This Memorial Day, like all of them for 35 years, our thoughts about American soldiers and our debates about when and where their lives should be put at risk are dominated by the contrast between World War II and Vietnam. Almost everyone at the time and ever since has agreed that WWII was the good war. Vietnam, at the time and ever since, was either an immorally extended mistake or a worthy cause betrayed (or dozens of variations on these themes).
But another difference between WWII and Vietnam is usually overlooked, although it explains a lot. WWII involved mobilization of the entire society. Most young and not-so-young adult men served in the military or in some other way. Vietnam, by contrast, even at its peak required only a small fraction of a narrower draft-age cohort. Although the draft was supposed to be universal, four-fifths of draft-age males did no military service and nine-tenths never saw Vietnam. This mundane statistical reality explains much more than moral opposition or cowardice does about why, when Vietnam-age men pop up in the news, they usually seem to have avoided Vietnam.
The future occasions when Americans may be called upon to fight and die are sure to resemble Vietnam more than WWII: Their necessity will be debatable, and they will require the service of only a small minority. That makes WWII an almost useless model, politically. One thing democracy does best is mobilizing a whole society toward a transcendently important goal. One thing democracy does very badly, though, is allocating unequal sacrifice. When some are asked to fight and die while most get to continue the flow of their lives, war and peace becomes the ultimate NIMBY (not-in-my-back-yard) problem.
Maybe it is no bad thing if military escapades become as politically hopeless as a nuclear power plant. But the essence of NIMBY is that something cannot happen politically even with majority support, if it imposes an unfair burden on a few. Since Vietnam we have tried two solutions: the draft lottery and the all-volunteer military. But a lottery is just a way to allocate unfairness, not eliminate it. Meanwhile, during recent military actions, the press has turned even active-duty members of the all-volunteer military into your standard interest group being unfairly imposed upon. And, judging from those recruiting commercials, America’s soldiers are justified in feeling that they volunteered for computer training, not to risk their lives in some miserable faraway desert or jungle.
Every political system, even democracy, is about forcing people to do things they don’t want to do. This is justifiable when you need a social consensus. We must decide communally how clean the air should be, but we don’t need to take a vote on what flavor of ice cream we prefer. On ice cream, we can each have our own way. That’s even better than democracy. War and peace would seem to be the classic communal issue, and most aspects of it—is it worth engaging the national honor? killing lots of foreigners?—need to be settled democratically. But why can’t the most painful issues—whether American lives should be put at risk, and if so whose—be settled on the ice cream model?
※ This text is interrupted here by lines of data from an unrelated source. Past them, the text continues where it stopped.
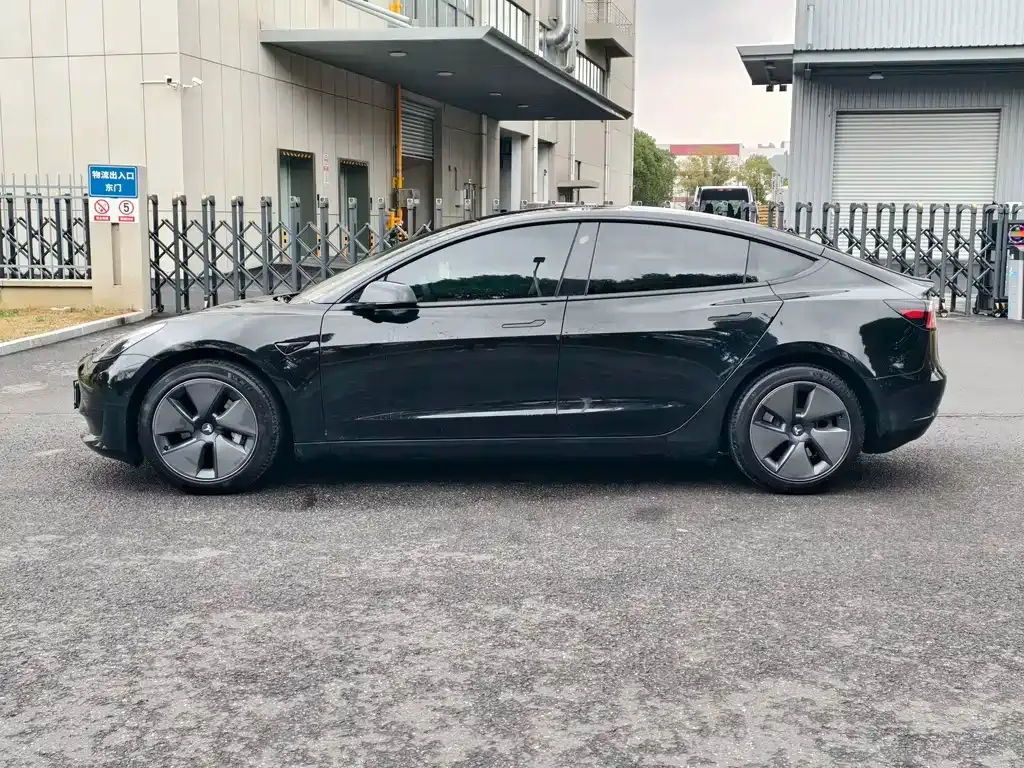 Tesla Model 3 — фото 6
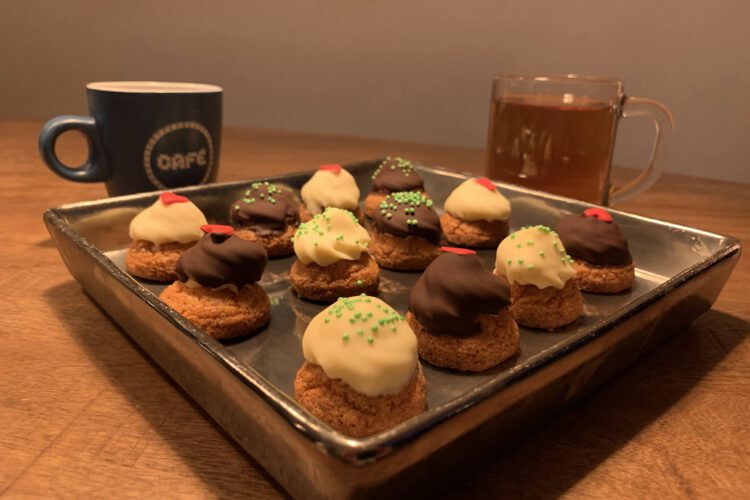 petit fours
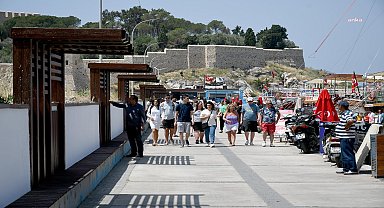Kuşadası Belediyesi'nden tarihi Güvercinada Kalesi'ne giden yolda bakım ve onarım çalışması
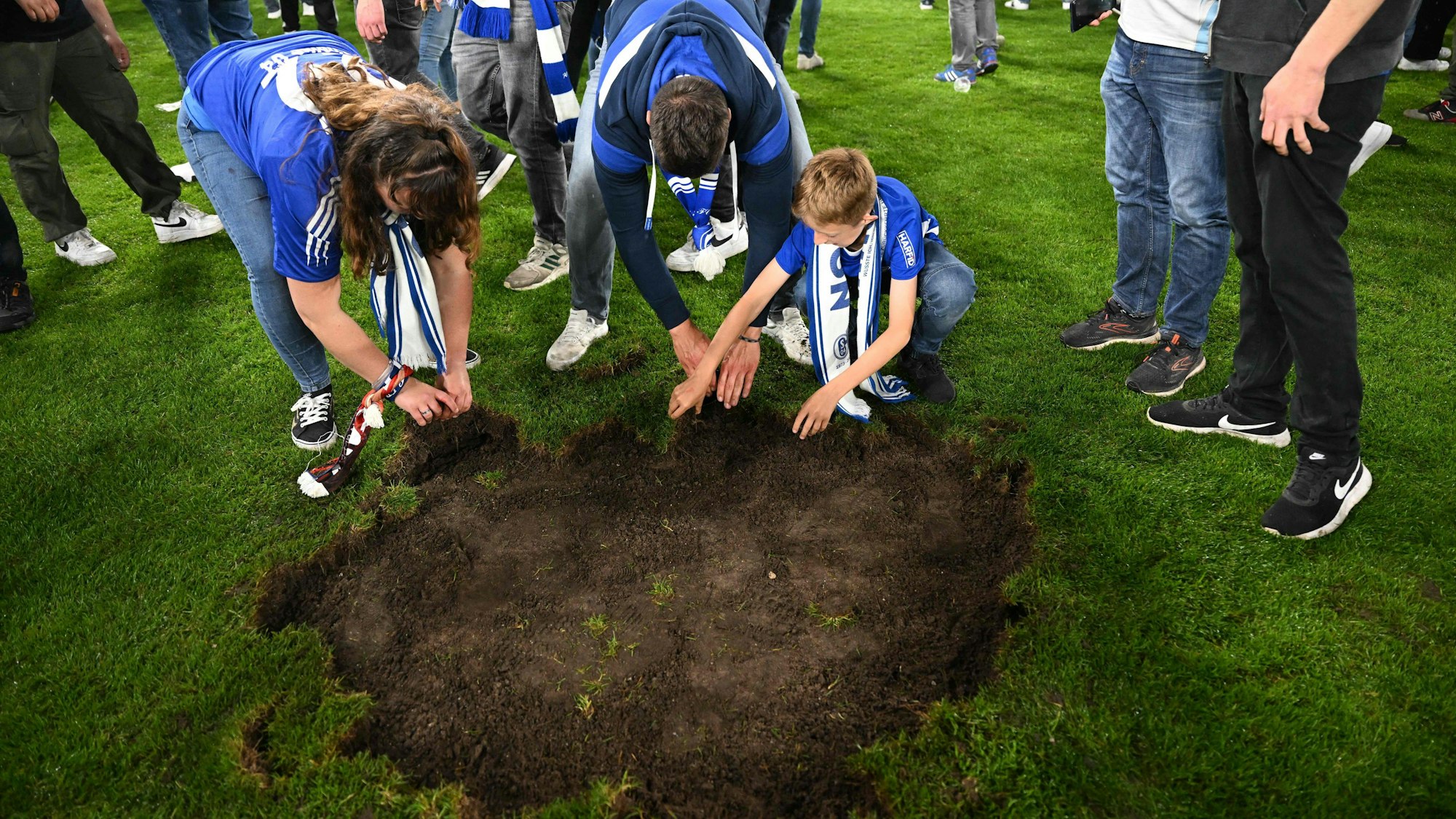 Ein regelrechter Krater im Rasen der Schalker Veltins-Arena.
Why can’t people decide for themselves?
Take the main should-we-or-shouldn’t-we issue of these years: humanitarian interventions. (“Humanitarian” is now a pejorative term for situations with no, or no self-sufficient, national-security issue at stake.) Is Bosnia or Kosovo or Sierra Leone worth some Americans’ blood? There would be no need for a social consensus about this so long as every individual soldier was truly acting voluntarily. Suppose there was a volunteer corps explicitly devoted to “humanitarian” interventions. Suppose its members could even pick and choose: Rwanda, yes; Croatia, no … or, for more money, anywhere you want, boss. A president wishing to use this corps would have to entice or persuade enough members or give up.
Would these soldiers be “mercenaries”? If so, so what? We positively celebrate mercenary motives these days in most areas of life. During Vietnam, the columnist Nicholas von Hoffman coined a brilliant eight-word critique: “Draft old men’s money, not young men’s bodies.” In other words, why should shooting and getting shot at, of all professional activities, be expected to sell at a discount? But actually, the motives of these people are likely to be less mercenary than those of current military volunteers (based on the mercenary themes used to recruit them). Individual motives will differ. Some will be high-minded idealists. Many, no doubt, will be low-minded thrill-seekers. Once again, so what?
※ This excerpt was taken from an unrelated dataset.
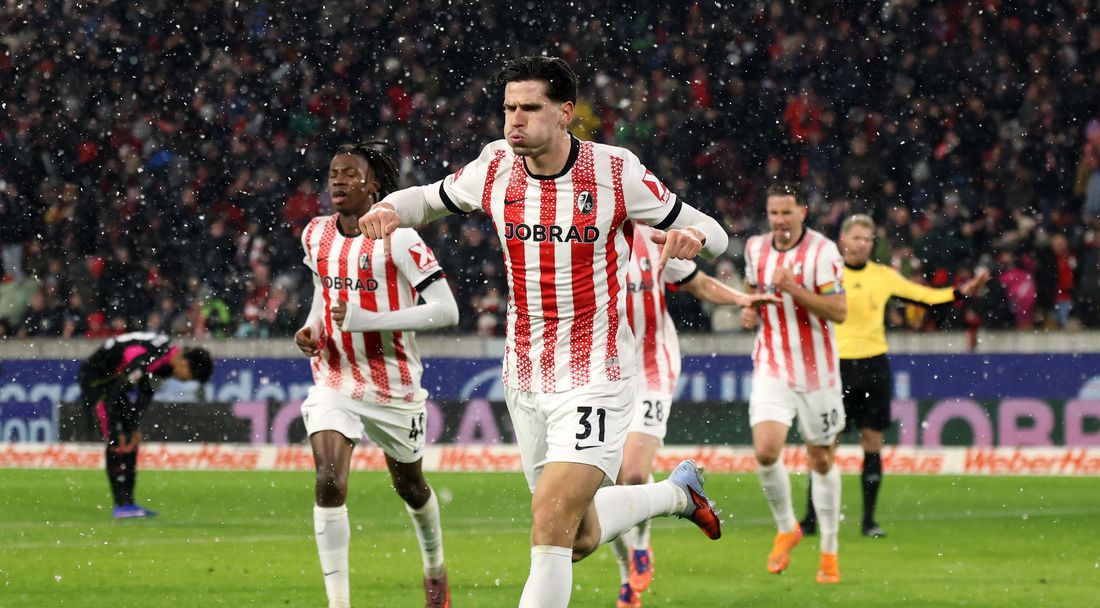 Дузпа с червен картон помогна на Фрайбург за успешен старт на годината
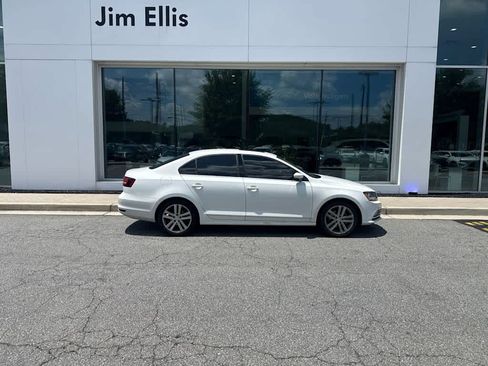 Used 2017 Volkswagen Jetta SEL FWD image 2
And is it immoral to pay someone to fight and maybe die for a cause that is not vital to the national interest? For a war not “good” enough, or big enough, for a national draft? Cruise the Web looking for death. Farming killed 210 people over a recent five-year period, just in Pennsylvania. According to Sen. Daniel Patrick Moynihan, an American male’s lifetime risk of death by homicide is about equal to an American soldier’s odds of getting killed during Vietnam. Many jobs are dangerous and life is a tragedy waiting to happen. If idealism or machismo or money tempts someone into a dangerous life serving his country’s values, if not its interests narrowly defined, his is probably a life well spent.